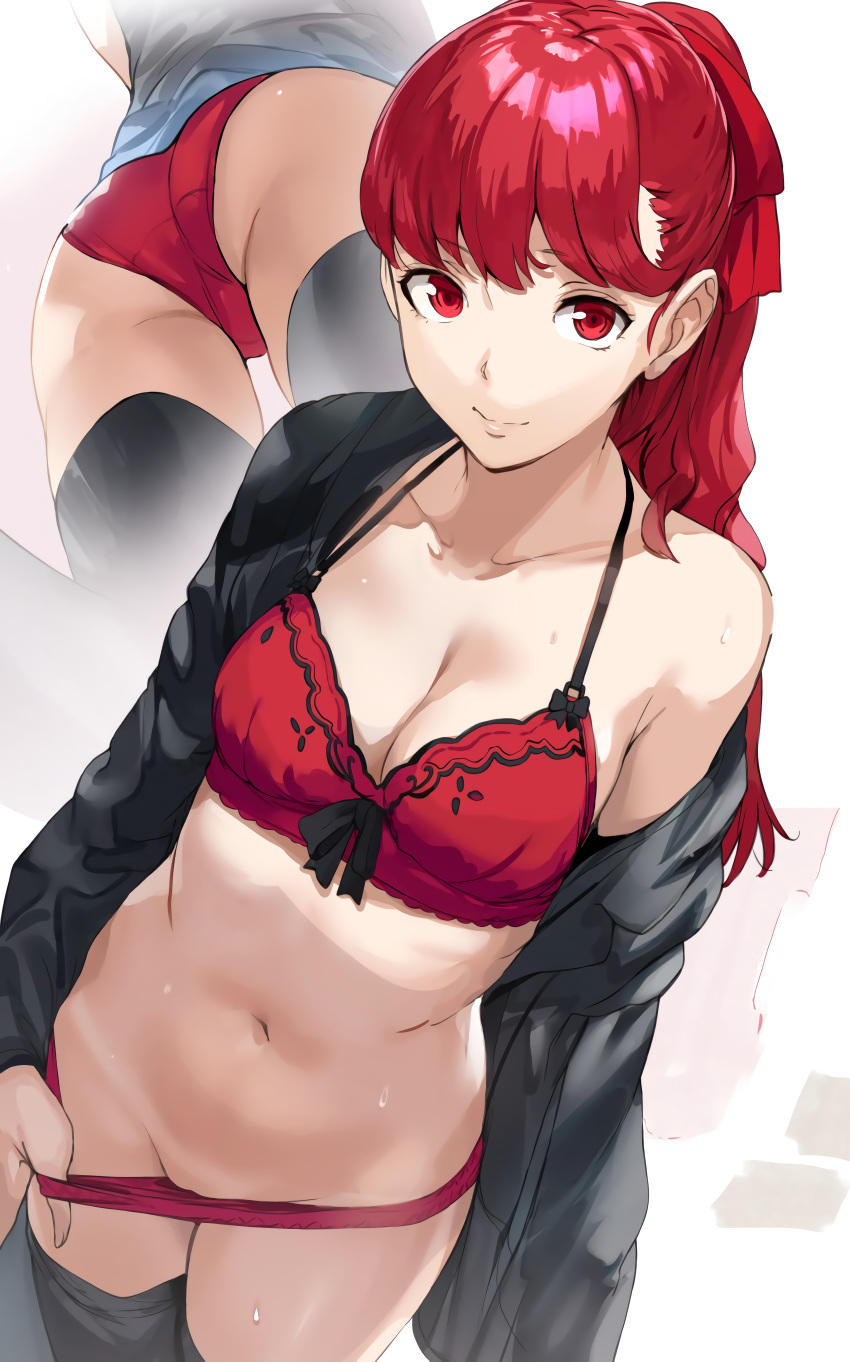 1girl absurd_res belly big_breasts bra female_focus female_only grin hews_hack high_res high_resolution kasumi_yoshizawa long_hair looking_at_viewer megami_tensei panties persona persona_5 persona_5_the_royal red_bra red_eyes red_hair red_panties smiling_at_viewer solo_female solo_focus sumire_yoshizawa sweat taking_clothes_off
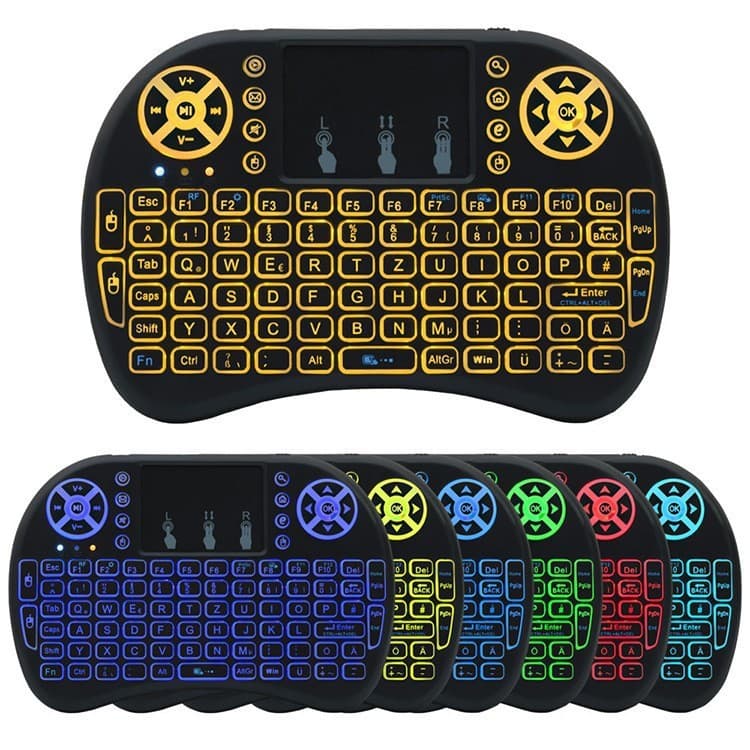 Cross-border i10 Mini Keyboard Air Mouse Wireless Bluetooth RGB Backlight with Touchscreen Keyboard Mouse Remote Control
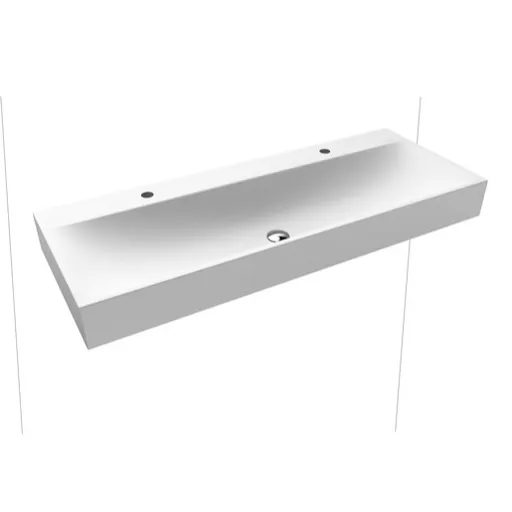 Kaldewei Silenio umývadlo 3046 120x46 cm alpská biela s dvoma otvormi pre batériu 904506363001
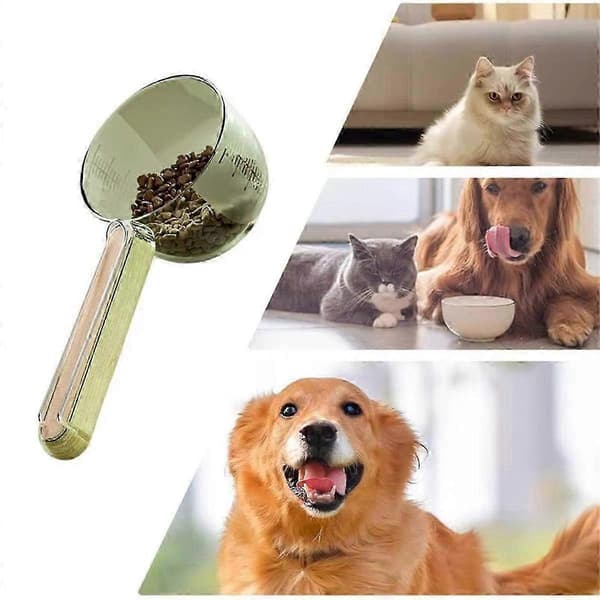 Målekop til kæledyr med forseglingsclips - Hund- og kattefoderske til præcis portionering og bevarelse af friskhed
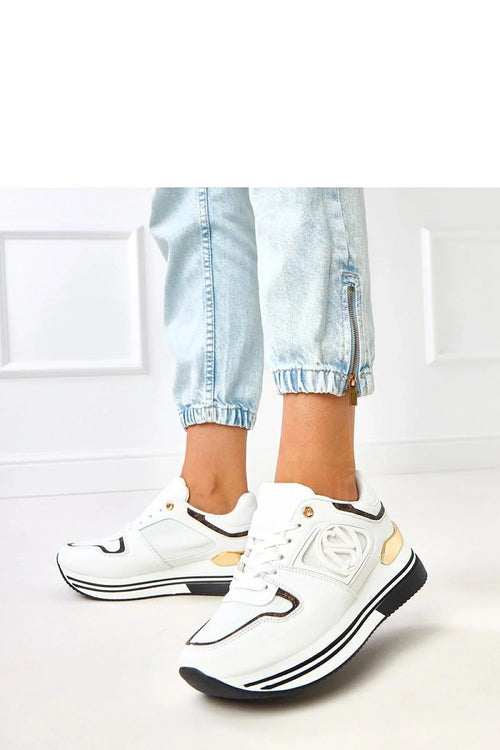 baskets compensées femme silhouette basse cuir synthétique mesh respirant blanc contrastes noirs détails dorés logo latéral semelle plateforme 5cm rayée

- **Exercise goal**
To complete this exercise, transcribe exactly the lines above from the one that holds "Kaldewei Silenio umývadlo" through the one that holds "Målekop til kæledyr". Pictures stay out.

- **Solution**
 Kaldewei Silenio umývadlo 3046 120x46 cm alpská biela s dvoma otvormi pre batériu 904506363001
 Målekop til kæledyr med forseglingsclips - Hund- og kattefoderske til præcis portionering og bevarelse af friskhed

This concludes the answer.